## Records for the exercise
------------

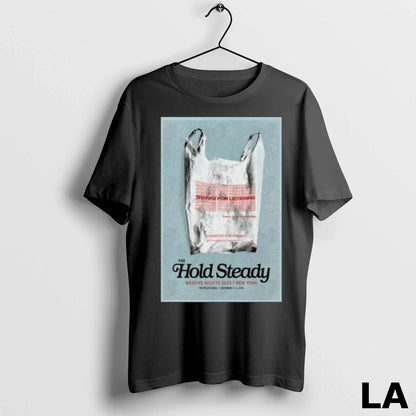 Original Hold Steady Tour New York 2025 Shirt Authentic Style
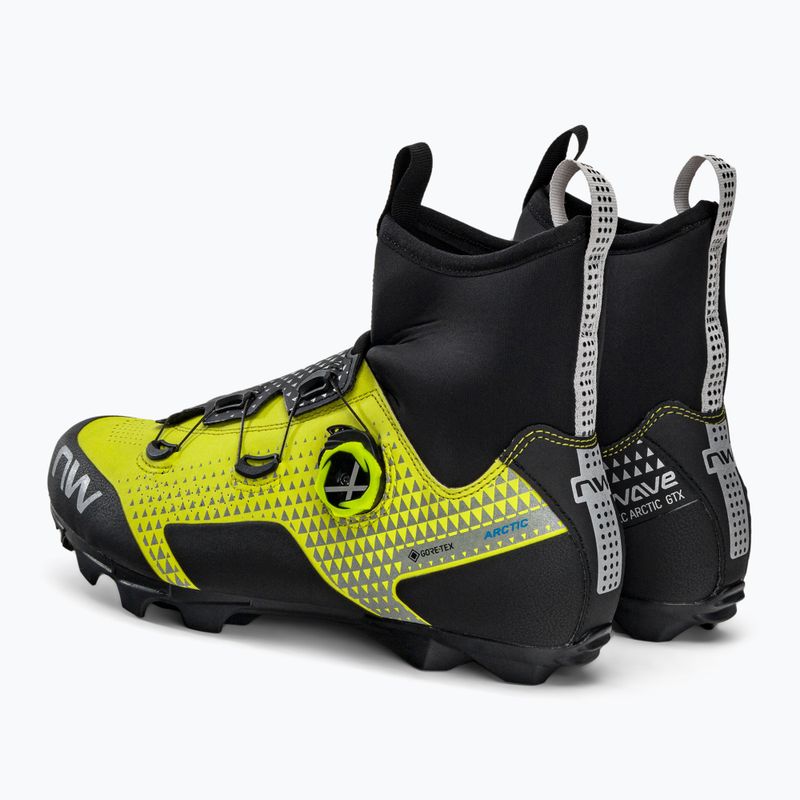 Кросівки велосипедні МТВ чоловічі Northwave Celsius XC ARC. GTX yellow fluo/black 3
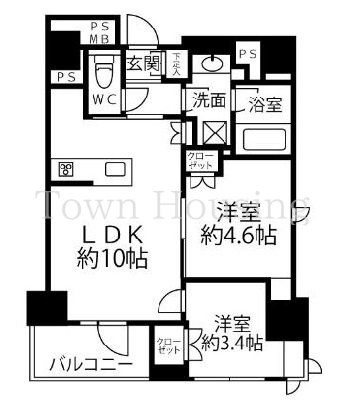 東京都中央区新富２（マンション）の賃貸物件の間取り
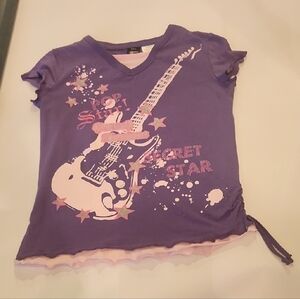 Disney Purple Guitar Star Tee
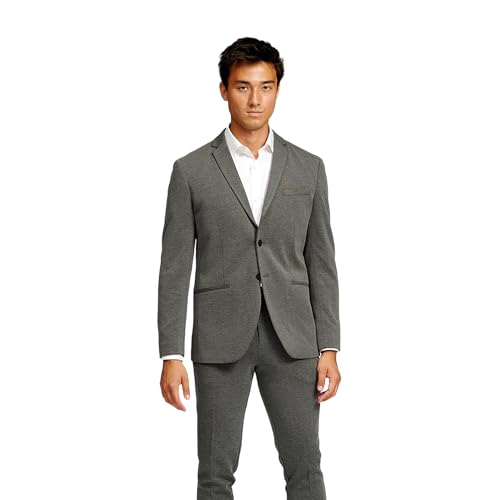 Performance Blazer Herren Dunkelgrau (Größe 46) – Stylischer Slim Fit Herren Stretch Sakko – Stretch Anzugjacke – Bequemer, praktischer Zwei Knopf Sakko für Business & Freizeit von Performance Pants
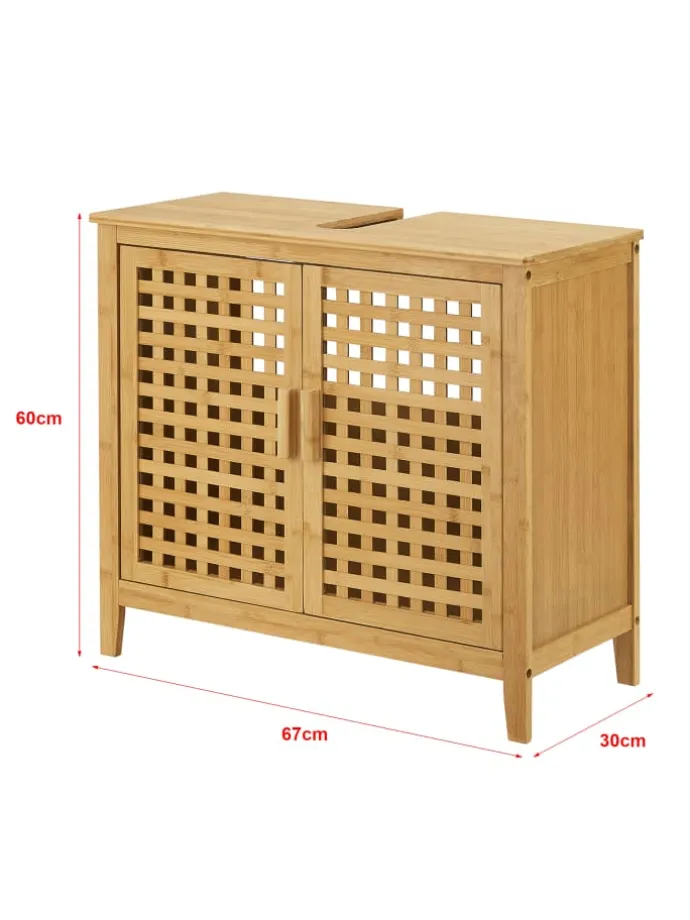 Waschbeckenschrank Ingmarsö in Beige (H)60cm (B)67cm (T)30cm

------------

## What to produce
All of the records need to be reproduced exactly, with each picture omitted.

## Task result
 Original Hold Steady Tour New York 2025 Shirt Authentic Style
 Кросівки велосипедні МТВ чоловічі Northwave Celsius XC ARC. GTX yellow fluo/black 3
 東京都中央区新富２（マンション）の賃貸物件の間取り
 Disney Purple Guitar Star Tee
 Performance Blazer Herren Dunkelgrau (Größe 46) – Stylischer Slim Fit Herren Stretch Sakko – Stretch Anzugjacke – Bequemer, praktischer Zwei Knopf Sakko für Business & Freizeit von Performance Pants
 Waschbeckenschrank Ingmarsö in Beige (H)60cm (B)67cm (T)30cm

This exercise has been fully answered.